Au début du 20ème siècle, Tanger était périodiquement sous la gestion collective de plusieurs pays. C’est à cette époque que de nombreux Occidentaux s’y installèrent et la ville devint un lieu de grande fermentation politique et artistique. Tanger était célèbre comme une destination pour les artistes et les écrivains d’Europe et des États-Unis pendant les années 1950 et 1960 et dans une moindre mesure dans les décennies suivantes.
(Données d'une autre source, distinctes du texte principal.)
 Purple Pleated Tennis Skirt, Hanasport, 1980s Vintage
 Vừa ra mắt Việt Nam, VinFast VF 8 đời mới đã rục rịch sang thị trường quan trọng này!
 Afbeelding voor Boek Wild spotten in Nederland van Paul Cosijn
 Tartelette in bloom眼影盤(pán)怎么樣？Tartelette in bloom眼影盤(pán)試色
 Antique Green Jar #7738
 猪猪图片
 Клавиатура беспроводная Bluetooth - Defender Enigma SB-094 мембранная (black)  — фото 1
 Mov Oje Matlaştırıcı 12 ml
Mohamed Choukri (Muḥammad Shukrī), l’un des écrivains marocains les plus célèbres à y résider et à y travailler, a été le premier de trois œuvres autobiographiques, pour le pain seul (1973), à avoir connu la maturité à Tanger.
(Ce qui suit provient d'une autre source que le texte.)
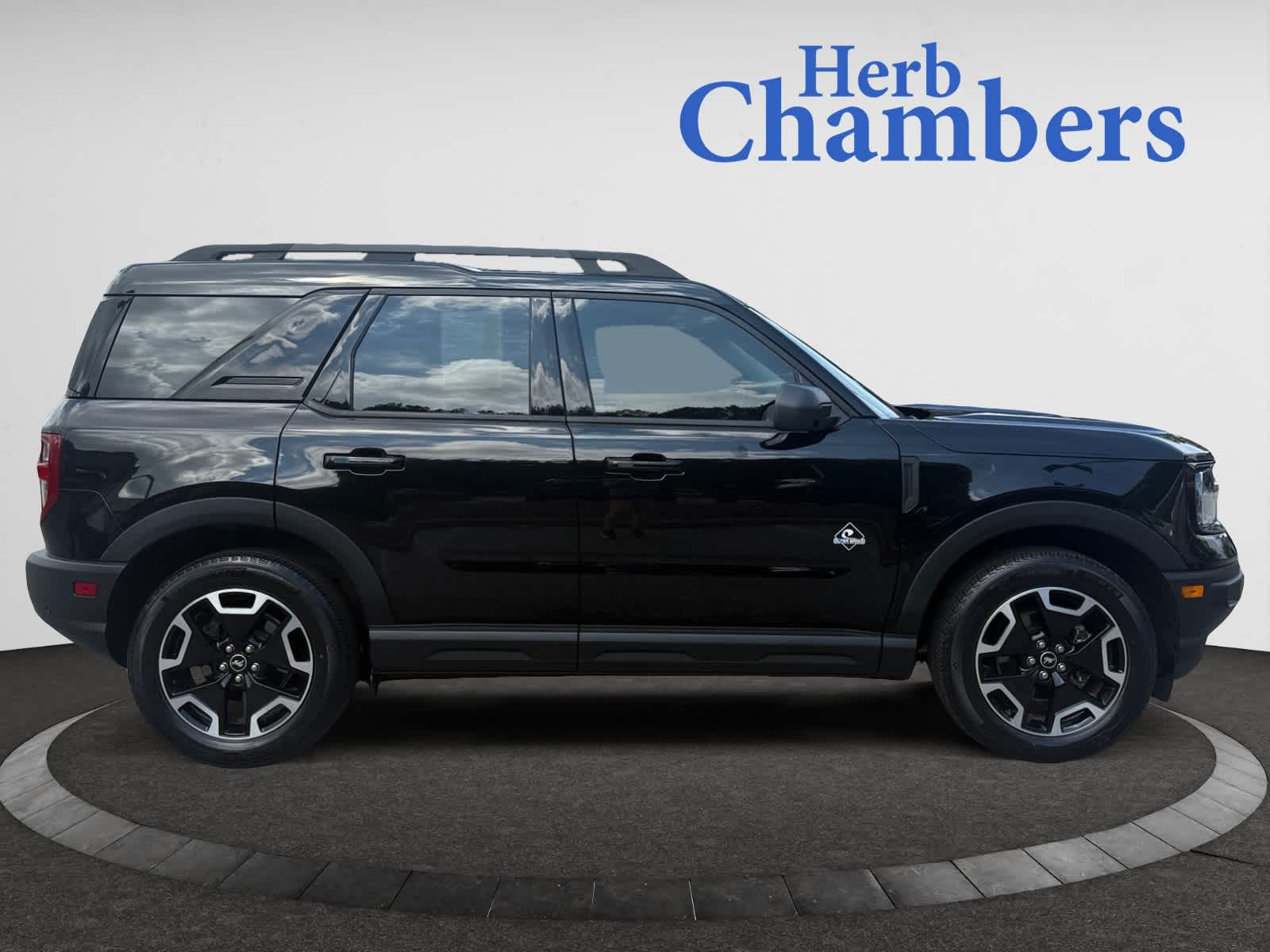 used 2023 Ford Bronco Sport car, priced at $36,998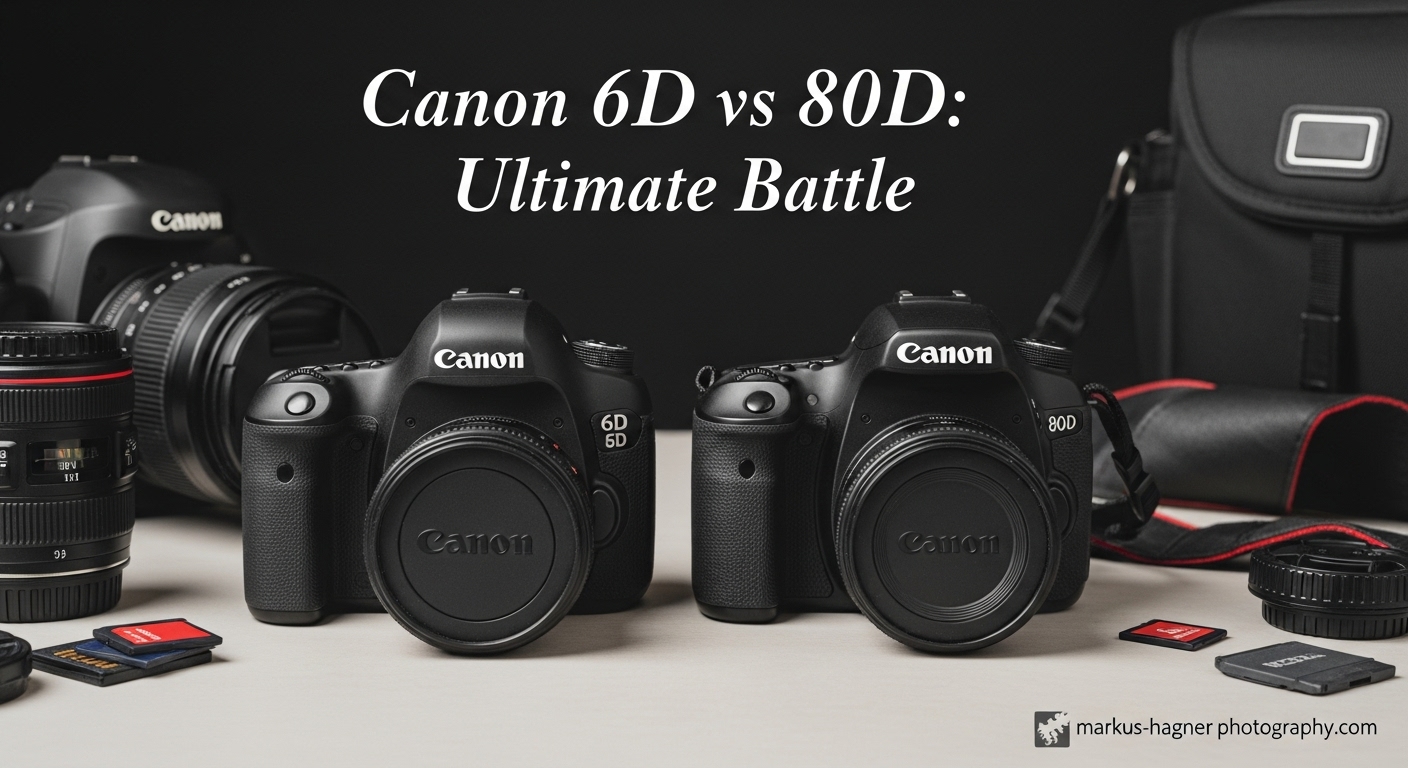 Canon 6D Vs 80D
Peu de villes ont eu une histoire plus variée que Tanger. Existant déjà comme poste de traite phénicien au milieu du 1er millénaire, il devint plus tard carthaginois; les restes d’une colonie carthaginoise peuvent encore être vus près du Cap Spartel. En 81 av. J.-C., le général romain Quintus Sertorius captura la ville (alors appelée Tingis) du roi Maurétanien Bocchus Ier. En 38 avant J.-C., lors d’une agitation civile romaine, Tingis fut pris pour Octave (le futur empereur César Auguste) par Bocchus II de son frère Bogud, qui a soutenu le rival d’Octavian, Mark Antony. Devenue une ville libre en 42, Tingis devint la capitale de la province romaine de Mauretania Tingitana, sous le nom de Tingis Colonia Julia Traducta, et resta importante sur le plan commercial même après que la capitale politique eut été transférée à Volubilis.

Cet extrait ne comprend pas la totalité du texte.